In other words, I had to check and see if Best of Enemies writer, director, and producer Robin Bissell was a White person. He is. He’s also fifty, which… isn’t a demographic to be making The Best of Enemies in 2019. Or ever, really. There was never a good time for a fifty year-old White guy to make a movie about a North Carolina Klan leader in the early seventies realizing Black people are people because they can be nice to him. Best of Enemies is basically the reverse of those White “liberals” who tell Black people to stop complaining or they’ll have to vote GOP next time when, in reality, you know they all voted for Gary Johnson or Jill Stein anyway. It’s about lead Sam Rockwell—the aforementioned Klan leader—realizing not just Black people are people but also how the system is rigged against poor Whites and Blacks alike and that rigging seems to be the point.

Less on the second part, however, because it might be interesting to see that development in Rockwell’s life and the film avoids any interesting developments.

I’m going at Enemies a little harder than usual for a few reasons. First, Taraji P. Henson is top-billed. She’s the Black woman community organizer who works with Rockwell and contributes to his ability to see the humanity in… you know, humans. Rah for him, sure, but a movie? Not sure it’s worth a movie. Especially since the movie sets itself up to be this great anti-buddy buddy pic between Henson and Rockwell and it’s not. Henson, it’ll turn out somewhere in the very lengthy two hour plus runtime, is red herring. She’s got nothing to do in the movie. Not even supporting player scraps after the movie shoves Rockwell into the lead. So The Best of Enemies, which ostensibly is about two “born enemies”—a Klan leader and, you know, a Black person—becoming something together, is really just a White Savior movie for Rockwell.
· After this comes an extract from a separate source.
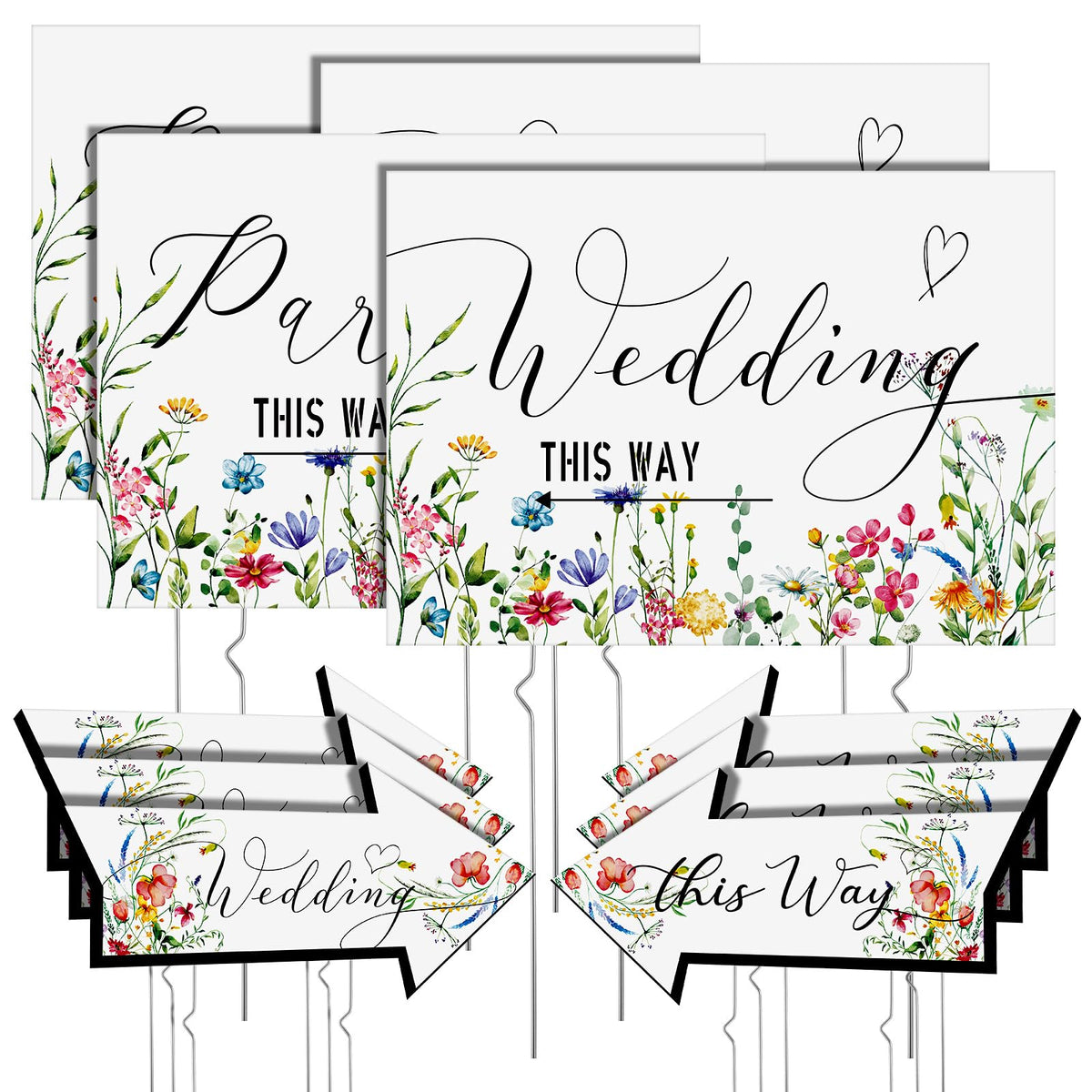 Wenqik front view of full 10-piece set showing coordinated wildflower design and stakes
And he’s not even the most interesting White Savior in the picture.

John Gallagher Jr.’s the most interesting White Savior. He’s just in a bit part, which is too bad because he’s a lot more useful a character than some of the bigger stunt casts in bit parts—fifth-billed Wes Bentley, for example; around to be the creepy, greasy Klan guy who you think is going to crack and kill someone.

And then there’s Nick Searcy, who’s—as usual—quite good. This time he’s quite good as a piece of shit upper class racist who gets Rockwell’s poor White Klan boys to do his dirty work. Is the film aware of… Nick Searcy’s optics? Like. You can leave a lot at the door. You can’t leave Nick Searcy at the door. It’s not a good enough part for it really to be worth it. Though no one’s part is really good enough.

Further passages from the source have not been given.